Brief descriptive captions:
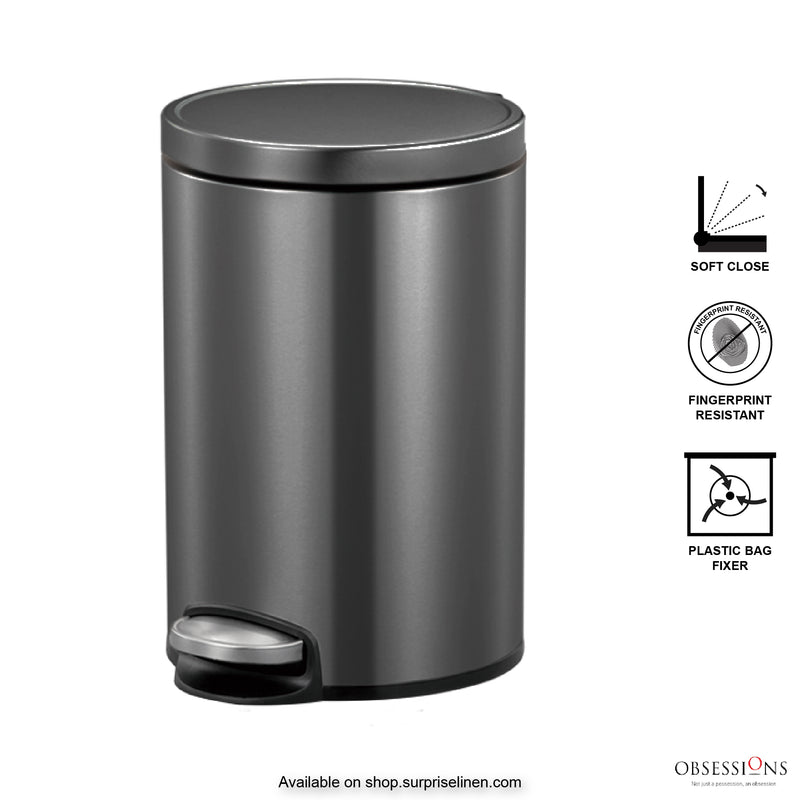 Obsessions - Eko Artistic Step Bin 5 Litres Dustbin (Charcoal)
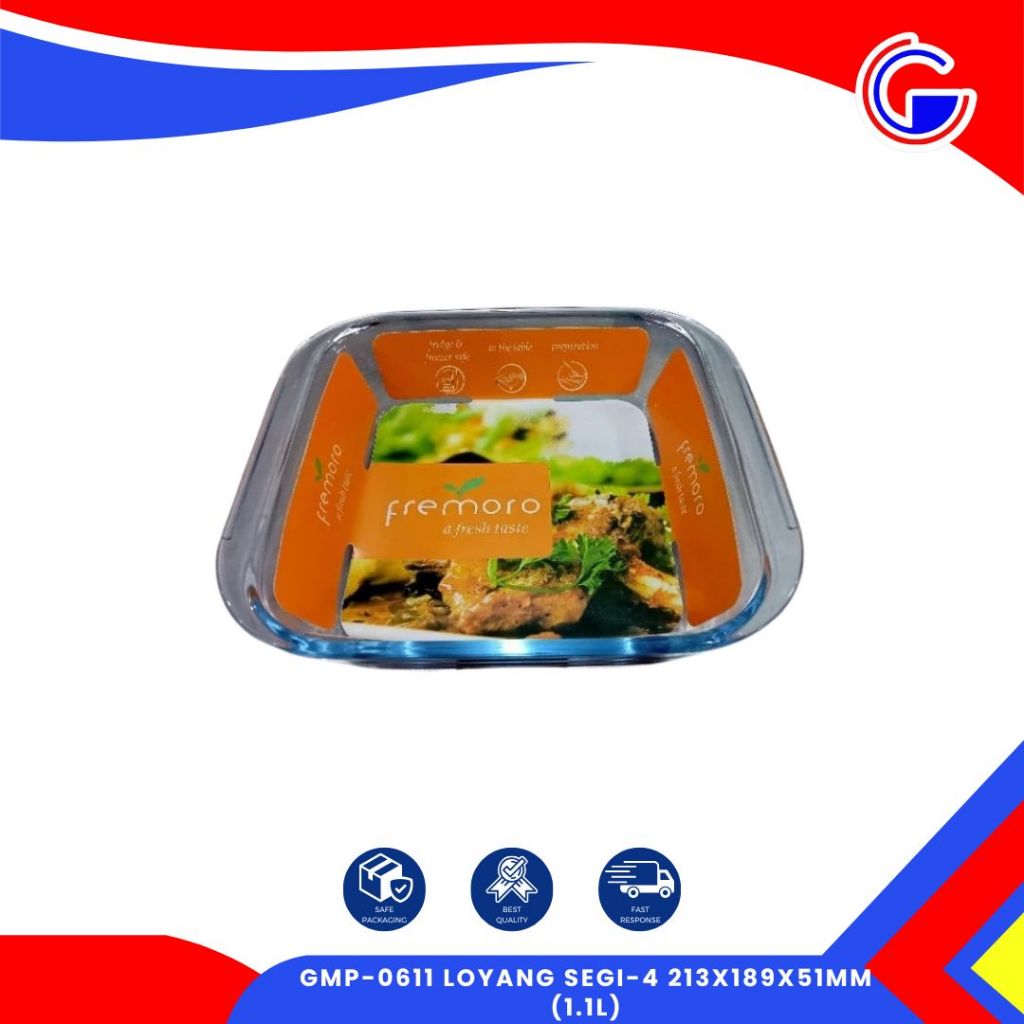 Loyang Kaca Fremoro 1.1L / Loyang Segi Oven Microwave / Gmp-0611 Loyang Tahan Panas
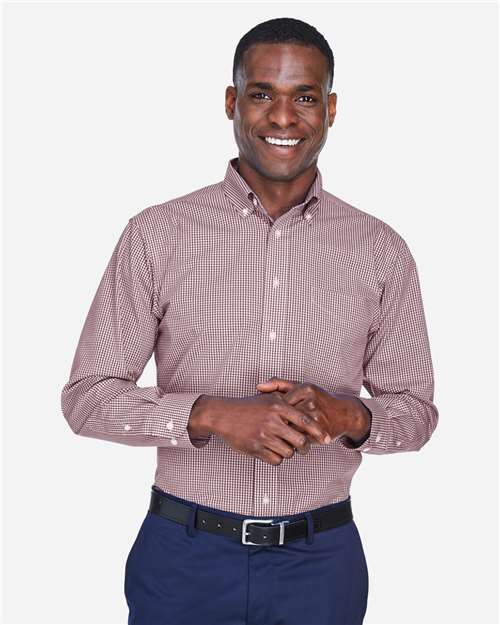 Devon & Jones D640 Men's Crown Woven Collection Gingham Check #color_BURGUNDY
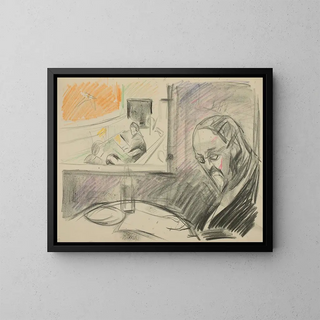 Uden titel maleri 22 - Edvard Munch — indrammet kunstværk på væggen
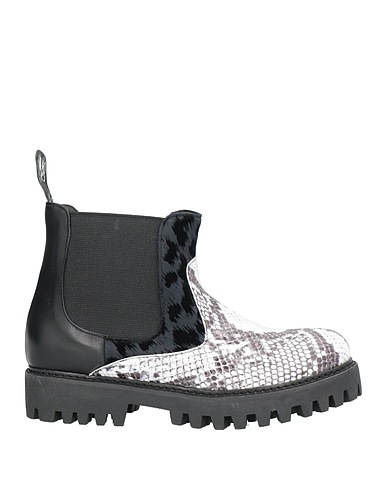 SGN GIANCARLO PAOLI Ankle boot White Soft Leather, Textile fibres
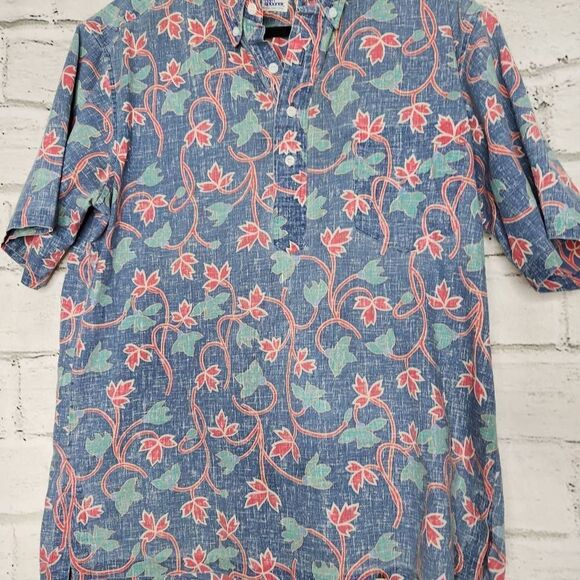 Reyn Spooner Men's Blue Chambray Short Sleeve Hawaiian Shirt Reverse Print XL - Picture 3 of 11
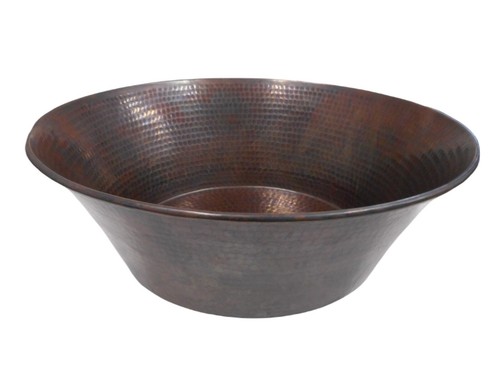 Round copper cazo vessel - 15",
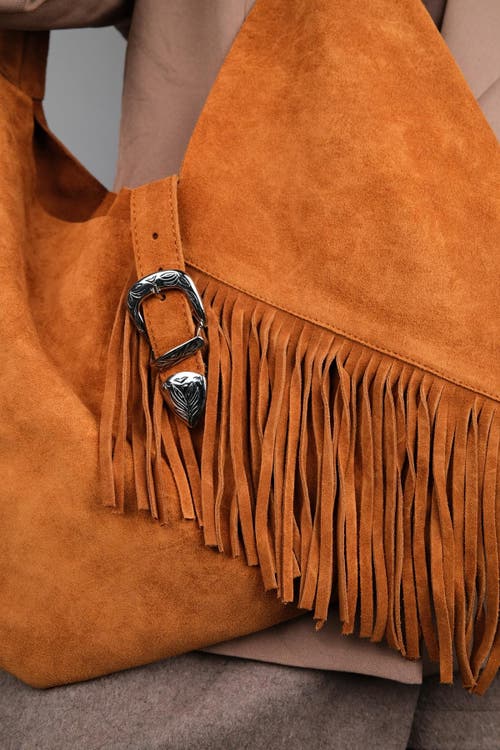 Forever & Always Shoes Rosalin Leather Tassel Shoulder Bag In Orange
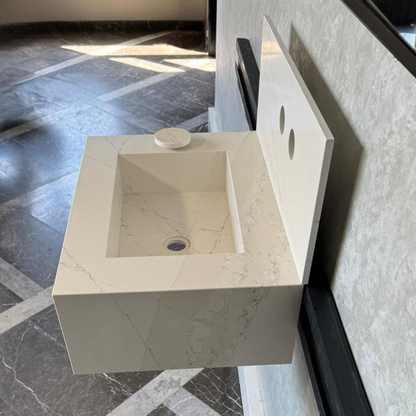 Custom Quartz Bathroom Sink – Handmade Quartz Vessel Sink, Integrated Quartz Countertop Sink, Modern Quartz Vanity Sink (QU-038)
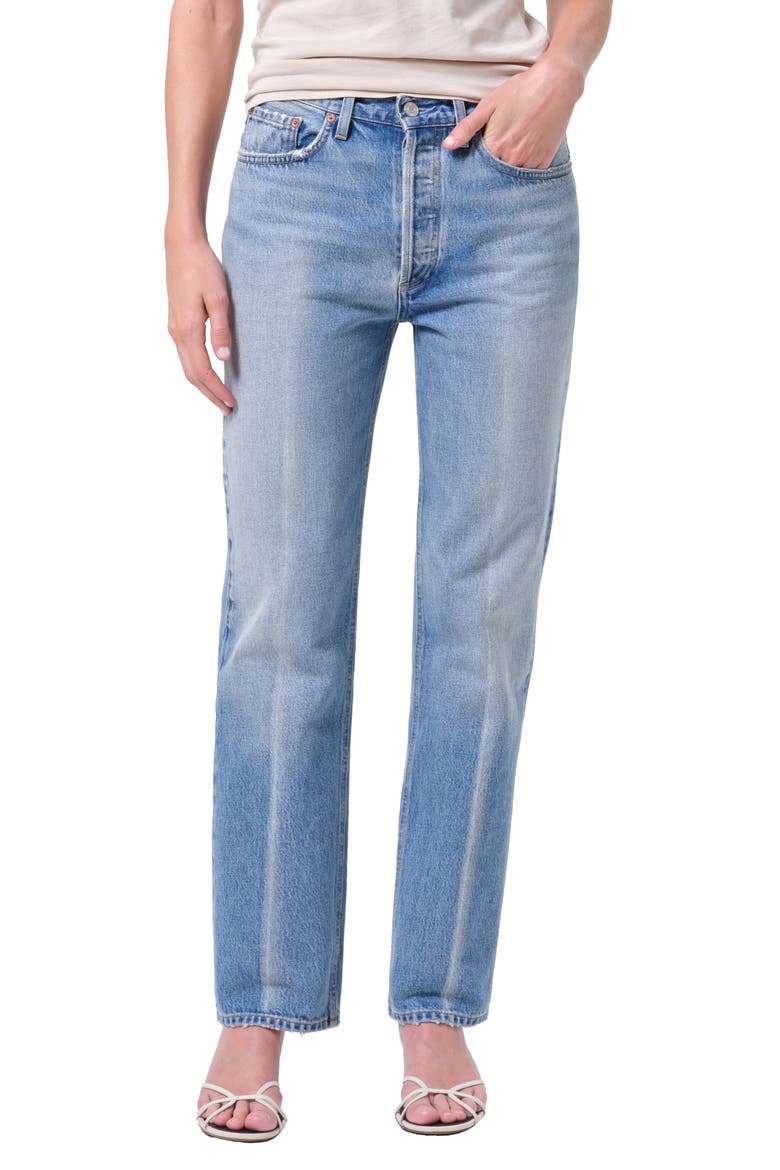 Lana High Waist Straight Leg Jeans, Main, color, BRINK MED INDIGO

YOUR TASK
Repeat verbatim the range of lines that opens at the line containing "Round copper cazo" and closes at the last line of the entries, excluding all pictures.

SOLUTION FOR THIS PROBLEM
 Round copper cazo vessel - 15",
 Forever & Always Shoes Rosalin Leather Tassel Shoulder Bag In Orange
 Custom Quartz Bathroom Sink – Handmade Quartz Vessel Sink, Integrated Quartz Countertop Sink, Modern Quartz Vanity Sink (QU-038)
 Lana High Waist Straight Leg Jeans, Main, color, BRINK MED INDIGO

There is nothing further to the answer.